━━ Records supplied

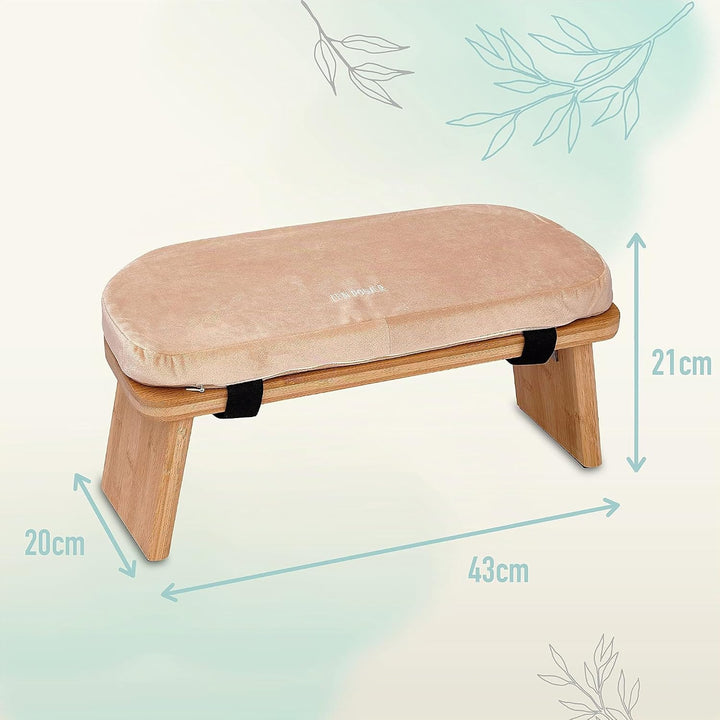 Yoga Bench, klappbare Yoga Bank aus Holz, ergonomische Meditationsbank, Gebetshocker für spirituelle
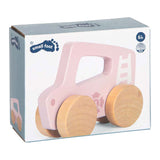 Lille fod - træ push car pink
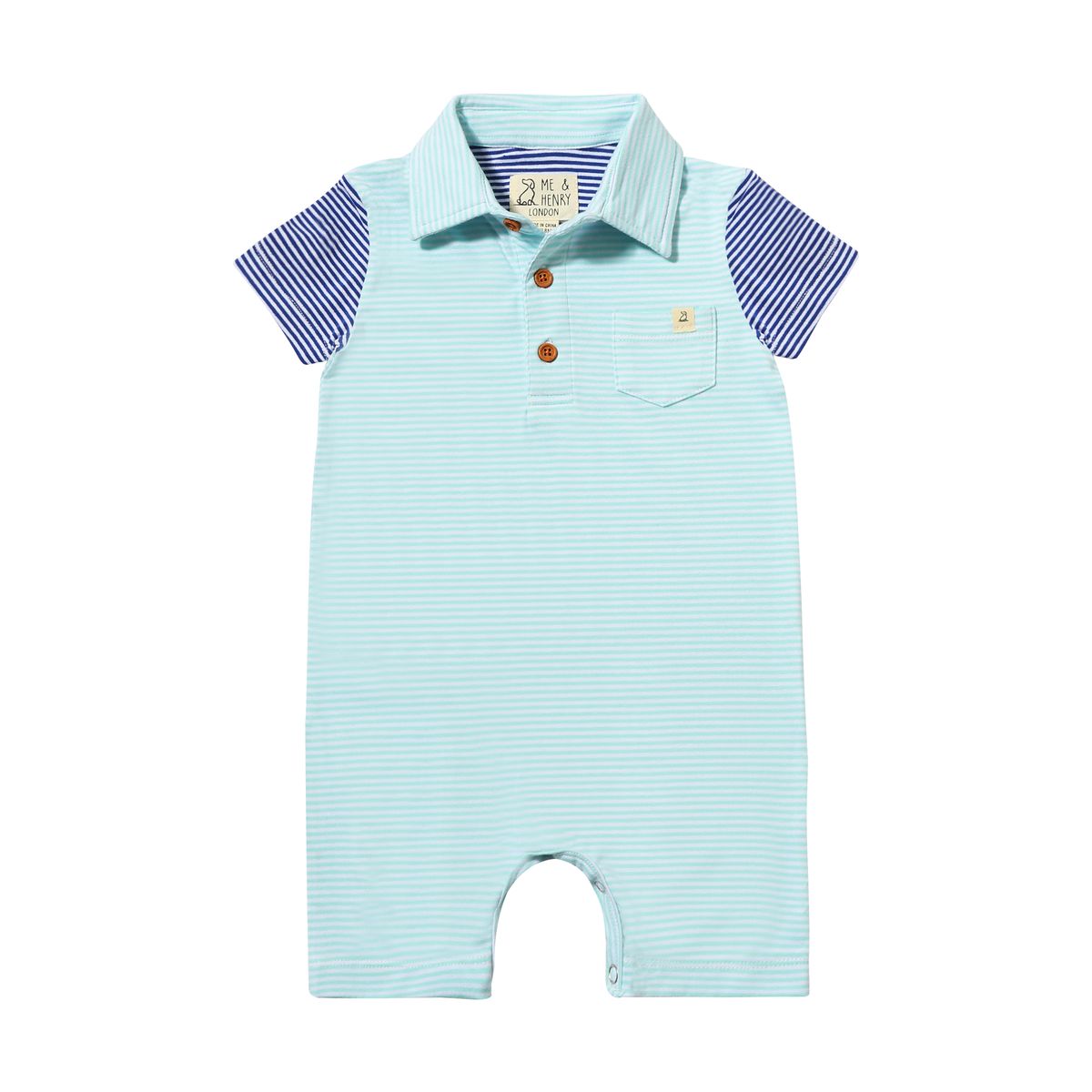 Saltash Polo Romper- Blue with Royal Arms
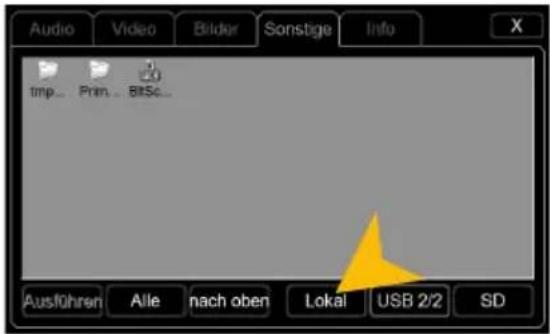 Audio Video Bilder Sonstige Info X tmp... Prim... BitSc... Ausführen Alle nach oben Lokai USB 2/2 SD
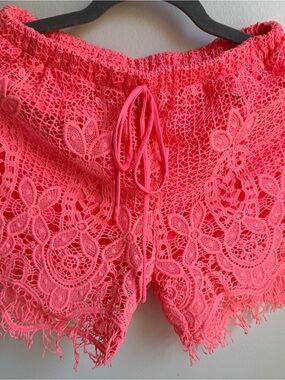 Alya Pink Crochet Lace Drawstring Shorts size Small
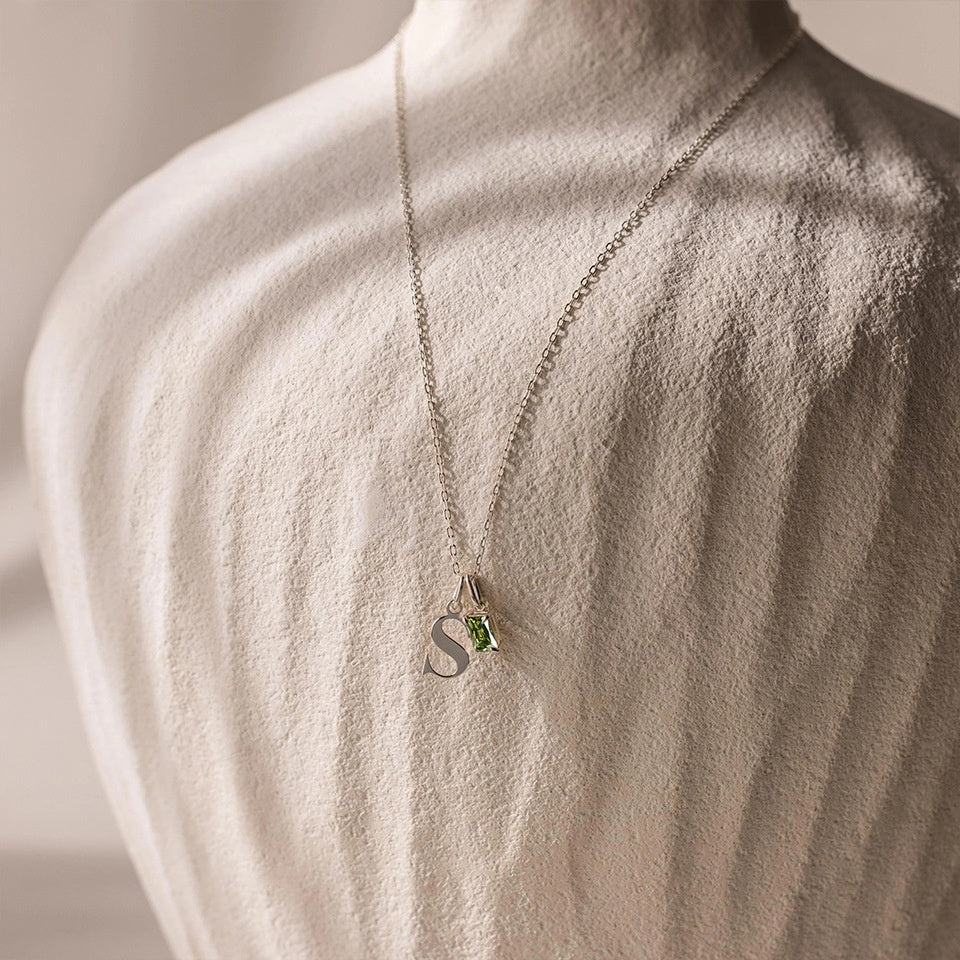 Personalized Initials And Birthstone Stainless Steel Necklace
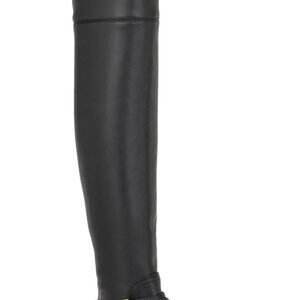 Guess Jellio Boots Women's Black Faux Leather Over The Knee Lug Sole , Size 5.5M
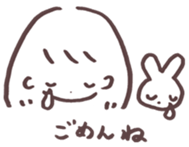 heart warming girl & rabbit 3 sticker #11955854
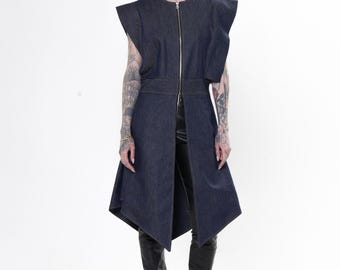 Structured Denim Vest With Extended Shoulders - Long Jean Zipper Top METC0163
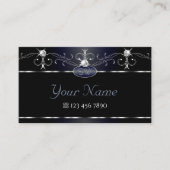 Initialen met mousserende diamanten visitekaartje (Voorkant)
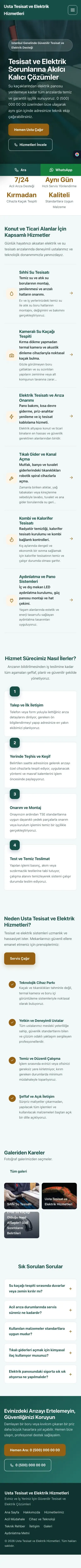 Sol Menü Petrol Turuncu – Tesisat ve Elektrik Web Sitesi mobil görünümü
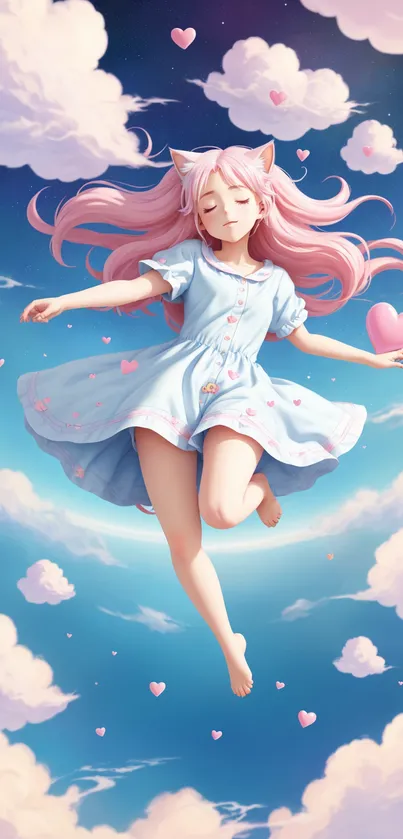 Anime girl floating among pastel clouds.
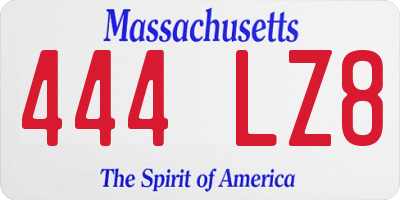 MA license plate 444LZ8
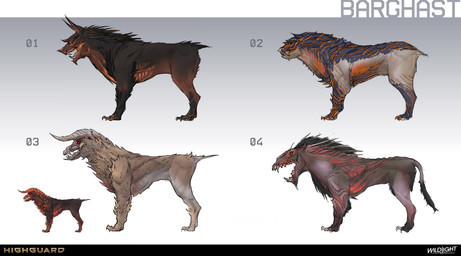 3_toes ambiguous_feral ambiguous_gender black_body black_claws black_fur black_sclera black_tail_tuft black_teeth claws company_name empty_eyes feet feral fur gradient_background grey_body grey_horn grey_skin grey_tail grey_teeth group horn leg_markings leg_spikes light long_fangs looking_at_viewer markings medium_tail multicolored_body multicolored_fur multicolored_skin no_pupils nude_ambiguous number open_mouth orange_eyes orange_horn orange_inner_ear orange_markings orange_teeth orange_tongue paws quadruped red_markings sharp_teeth short_tail simple_background spikes spikes_(anatomy) standing tail tail_tuft tan_body tan_claws tan_fur tan_skin tan_spikes teeth text toe_claws toes tongue tuft yellow_sclera nicholas_patrick_kelana highguard_(game) barghast_(highguard) canid canid_demon demon mammal 2026 absurd_res colored concept_art digital_drawing_(artwork) digital_media_(artwork) english_description english_text hi_res lighting official_art shaded url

━━━━

**Assigned task:**
While skipping the pictures, transcribe the data above from the line showing "Alya Pink Crochet" through the line showing "MA license plate 444LZ8", exactly and with both ends.

**Response below:**
 Alya Pink Crochet Lace Drawstring Shorts size Small
 Personalized Initials And Birthstone Stainless Steel Necklace
 Guess Jellio Boots Women's Black Faux Leather Over The Knee Lug Sole , Size 5.5M
 heart warming girl & rabbit 3 sticker #11955854
 Structured Denim Vest With Extended Shoulders - Long Jean Zipper Top METC0163
 Initialen met mousserende diamanten visitekaartje (Voorkant)
 Sol Menü Petrol Turuncu – Tesisat ve Elektrik Web Sitesi mobil görünümü
 Anime girl floating among pastel clouds.
 MA license plate 444LZ8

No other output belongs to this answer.